• **What is needed**: Return all the data, word for word.

• **Collected material**:
□ □ □ □ □

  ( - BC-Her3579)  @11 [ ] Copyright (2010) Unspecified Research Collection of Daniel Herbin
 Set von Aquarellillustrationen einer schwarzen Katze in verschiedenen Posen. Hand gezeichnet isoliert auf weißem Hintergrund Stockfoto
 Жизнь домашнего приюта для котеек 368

□ □ □ □ □

• **Solution for this problem**:
  ( - BC-Her3579)  @11 [ ] Copyright (2010) Unspecified Research Collection of Daniel Herbin
 Set von Aquarellillustrationen einer schwarzen Katze in verschiedenen Posen. Hand gezeichnet isoliert auf weißem Hintergrund Stockfoto
 Жизнь домашнего приюта для котеек 368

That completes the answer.